We live in an era of shortages. From water to income, there’s dearth of the things we need to make life livable — especially humor. Yes, we’re lucky to have writers like Dave Barry and Nick Hornby to get us through a week or two with a smile on our faces. But once we’ve exhausted the obvious, where do we look next? Are we headed into the next humor shortage?
Fortunately for readers, there’s lots of laughter to be found in places where one least expects it. Humor is not just a genre. It can be a part of any writer’s literary toolkit, and deployed as needed. It’s in the turn of the phrase as much as the pratfall or fart joke.
Probably the last place one might look for a great, funny, even hilarious piece of writing is a book on meditation. Unless you’re hiding under a rock, you’ve been told meditation is good for you, and “good for you” is generally the most effective laugh-killer on the planet. But, if you’re Dean Sluyter, and the book is Natural Meditation: A Guide to Effortless Meditative Practice, you know that laughter requires no practice.
Sluyter (pronounced “slighter”) offers readers solid advice for meditation in prose that’s often funny, and lessons that run toward the risqué. Here’s the only meditation guide where the author demonstrates the “hammock pose.” Sluyter soft-pedals his prose; he doesn’t overplay the humor, but lets it cross the road. Not too much of a surprise for the author of Why the Chicken Crossed the Road and Other Hidden Enlightenment Teachings.

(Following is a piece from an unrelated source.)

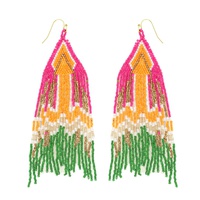 NATIVE AMERICAN BEADED TASSEL LONG DROP EARRINGS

Era-sweeping political memoir is generally the stuff of self-congratulatory puffery. “Import” is inversely proportional to laughter, but in the case of Frank: A Life in Politics from the Great Society to Same-Sex Marriage, humor is a big part of author’s arsenal. Author and former congressman Barney Frank is well-known for his wit, and it’s on full display here, even (perhaps especially) when he’s explicating the inner workings of the sausage machine.